Content starts

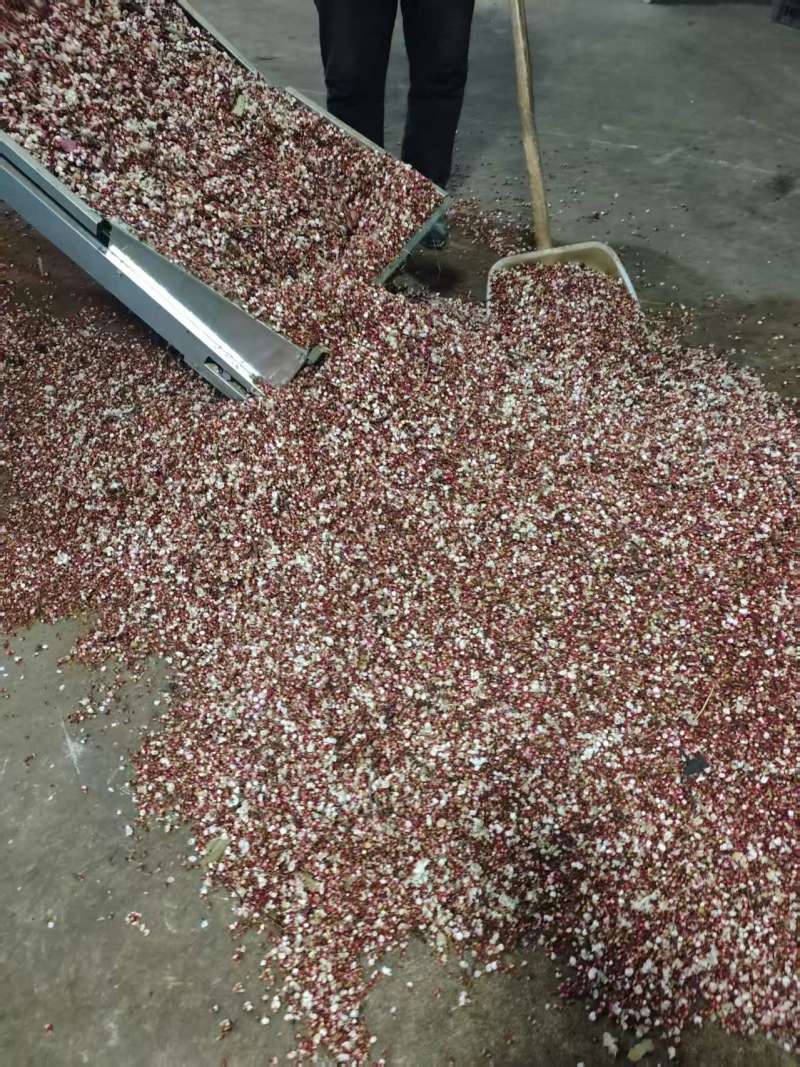 河北赵县杏花粉自产自销质量保证欢迎来电咨询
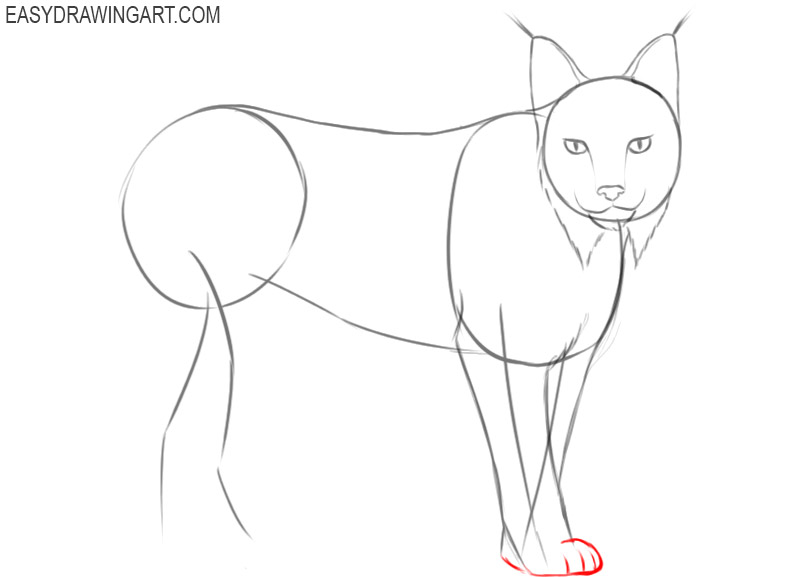 how to draw a cute cartoon lynx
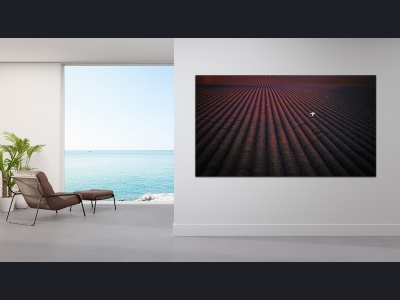aa39-the_scent_of_lavender160x90cm-1698368218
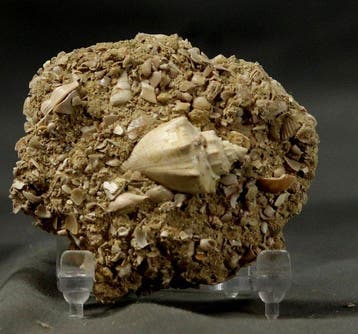 Uitzonderlijke fossiele schelp - op originele matrix -, Verzamelen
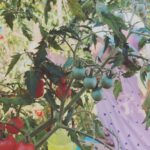Feride Çetin Instagram - Domates güzeli bu kez de anneannesinin bahçesinde...🍅🧿 #domatesgüzeli #doğaltarım #dalındantazetaze #annemvekızım #hayathanımharikalardiyarında Çatalca, İstanbul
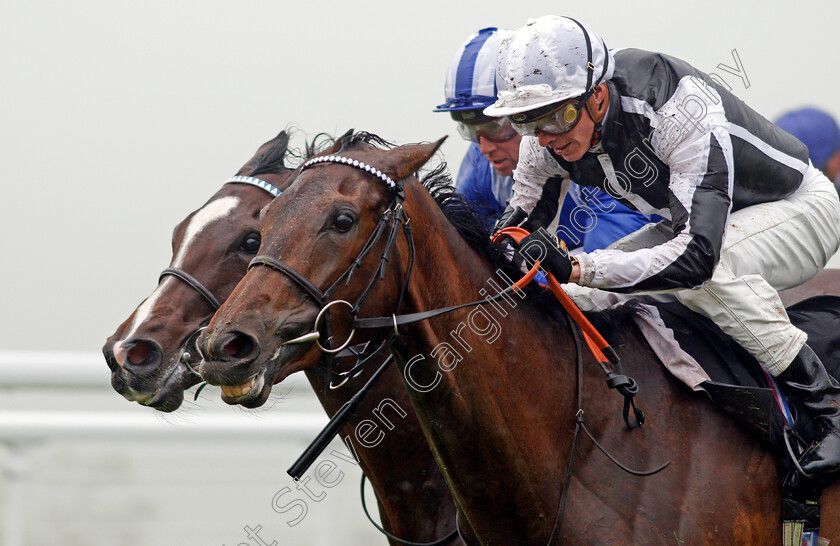 Heart-Of-Grace-0006 
 HEART OF GRACE (James Doyle) wins The Oriens Aviation British EBF Maiden Fillies Stakes Div1 Goodwood 24 May 2018 - Pic Steven Cargill / Racingfotos.com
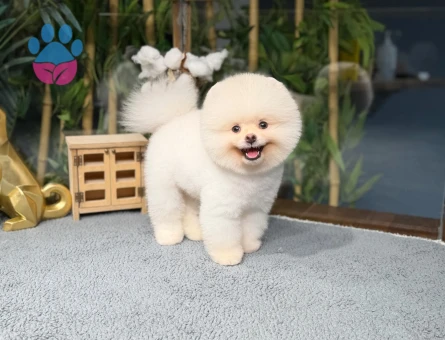 Pomeranıan boo - 8879 - Görsel 3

Content ends

• Task objective: Copy the data word for word, no pictures.

• Response:
 河北赵县杏花粉自产自销质量保证欢迎来电咨询
 how to draw a cute cartoon lynx
aa39-the_scent_of_lavender160x90cm-1698368218
 Uitzonderlijke fossiele schelp - op originele matrix -, Verzamelen
Feride Çetin Instagram - Domates güzeli bu kez de anneannesinin bahçesinde...🍅🧿 #domatesgüzeli #doğaltarım #dalındantazetaze #annemvekızım #hayathanımharikalardiyarında Çatalca, İstanbul
 Heart-Of-Grace-0006 
 HEART OF GRACE (James Doyle) wins The Oriens Aviation British EBF Maiden Fillies Stakes Div1 Goodwood 24 May 2018 - Pic Steven Cargill / Racingfotos.com
 Pomeranıan boo - 8879 - Görsel 3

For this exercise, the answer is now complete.